Is this section a joke?...


Oh I guess it's legit...

I guess i just popped it's cherry...


----------



## Big Pimpin (Feb 7, 2012)

ExLe said:


> Is this section a joke?...


----------



## ExLe (Feb 7, 2012)

No it's black History Month...


----------



## Arnold (Feb 7, 2012)

we keep getting requests for an all natural forum so this is it!


----------



## ExLe (Feb 7, 2012)

Prince said:


> we keep getting requests for an all natural forum so this is it!


 

How about all the request for adding tranny as a gender option?...

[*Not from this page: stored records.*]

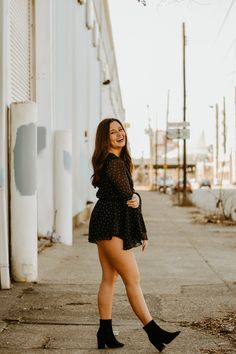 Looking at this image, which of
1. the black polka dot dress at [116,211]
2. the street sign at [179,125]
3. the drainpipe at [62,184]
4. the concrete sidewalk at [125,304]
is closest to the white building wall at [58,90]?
Answer: the drainpipe at [62,184]

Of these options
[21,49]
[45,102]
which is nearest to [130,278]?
[21,49]

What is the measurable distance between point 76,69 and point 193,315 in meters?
10.6

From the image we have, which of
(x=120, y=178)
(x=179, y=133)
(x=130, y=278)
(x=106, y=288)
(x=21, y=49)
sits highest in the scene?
(x=21, y=49)

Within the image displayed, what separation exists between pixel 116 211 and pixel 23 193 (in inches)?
112

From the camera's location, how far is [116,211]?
15.2ft

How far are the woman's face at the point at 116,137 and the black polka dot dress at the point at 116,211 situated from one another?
3.8 inches

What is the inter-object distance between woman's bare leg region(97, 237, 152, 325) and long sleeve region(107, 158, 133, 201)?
1.09 ft

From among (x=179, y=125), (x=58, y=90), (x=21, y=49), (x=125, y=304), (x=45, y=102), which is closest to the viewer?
(x=125, y=304)

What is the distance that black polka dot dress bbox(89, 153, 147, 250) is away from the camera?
4609mm

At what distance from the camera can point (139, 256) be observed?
1009 centimetres

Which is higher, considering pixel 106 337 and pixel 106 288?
pixel 106 288

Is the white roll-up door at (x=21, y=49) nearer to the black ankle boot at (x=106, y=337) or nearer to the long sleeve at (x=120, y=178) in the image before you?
the long sleeve at (x=120, y=178)

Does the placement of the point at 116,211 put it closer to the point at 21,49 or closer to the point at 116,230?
the point at 116,230

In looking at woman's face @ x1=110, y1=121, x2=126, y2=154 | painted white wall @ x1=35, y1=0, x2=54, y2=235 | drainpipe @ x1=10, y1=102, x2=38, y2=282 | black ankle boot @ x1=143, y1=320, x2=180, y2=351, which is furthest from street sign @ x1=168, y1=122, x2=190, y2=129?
black ankle boot @ x1=143, y1=320, x2=180, y2=351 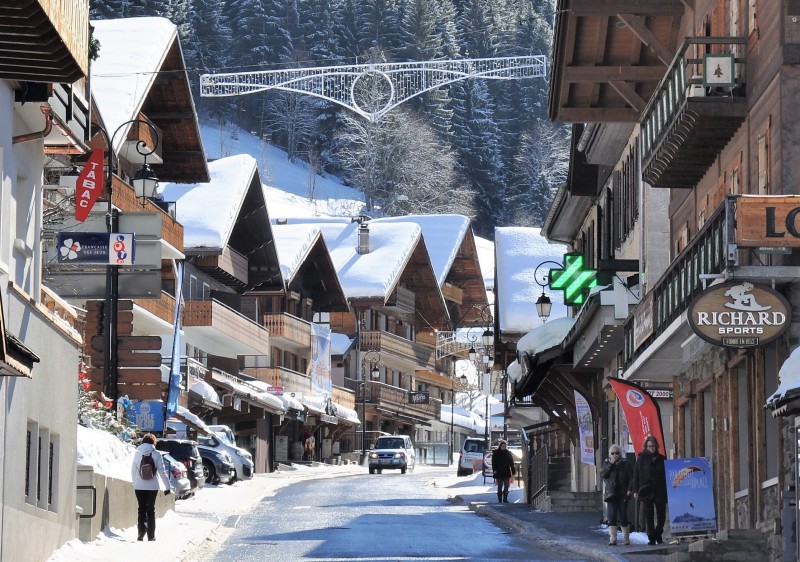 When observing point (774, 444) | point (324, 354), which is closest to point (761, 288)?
point (774, 444)

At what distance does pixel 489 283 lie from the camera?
132 meters

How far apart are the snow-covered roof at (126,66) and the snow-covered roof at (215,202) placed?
1150cm

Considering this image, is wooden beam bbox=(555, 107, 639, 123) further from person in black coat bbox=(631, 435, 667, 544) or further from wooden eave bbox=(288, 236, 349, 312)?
wooden eave bbox=(288, 236, 349, 312)

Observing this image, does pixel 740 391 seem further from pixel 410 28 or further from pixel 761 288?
pixel 410 28

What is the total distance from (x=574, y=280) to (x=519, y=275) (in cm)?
1775

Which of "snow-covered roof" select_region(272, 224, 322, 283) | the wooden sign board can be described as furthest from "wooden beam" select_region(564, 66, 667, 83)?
"snow-covered roof" select_region(272, 224, 322, 283)

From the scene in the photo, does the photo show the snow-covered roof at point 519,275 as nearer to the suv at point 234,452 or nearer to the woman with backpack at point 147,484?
the suv at point 234,452

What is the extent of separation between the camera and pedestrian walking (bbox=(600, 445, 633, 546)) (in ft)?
74.3

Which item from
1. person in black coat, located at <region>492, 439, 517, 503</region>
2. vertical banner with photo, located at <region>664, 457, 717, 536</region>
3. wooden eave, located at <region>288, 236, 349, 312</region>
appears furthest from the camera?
wooden eave, located at <region>288, 236, 349, 312</region>

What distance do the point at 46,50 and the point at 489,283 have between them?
4638 inches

http://www.ironmagazineforums.com/suggestion-box/146322-add-tranny-gender-option.html

And TRT section?...

http://www.ironmagazineforums.com/suggestion-box/153209-trt-section.html


----------



## bigbenj (Feb 7, 2012)

Who is going to head this section?


----------



## littlekev (Feb 7, 2012)

bigbenj said:


> Who is going to head this section?



I can. test is natural, and i like teenage girls....


----------



## littlekev (Feb 7, 2012)

Opps this isn't anything goes...


----------



## Tuco (Feb 7, 2012)

A teen section in a board that is sponsored by businesses that deal in the sale of illicit anabolic steroids.


----------



## ~RaZr~ (Feb 7, 2012)

The "Natural" section will do good, but give it a few months and the teens will start to ask, "How does this dbol only cycle looks brahs?"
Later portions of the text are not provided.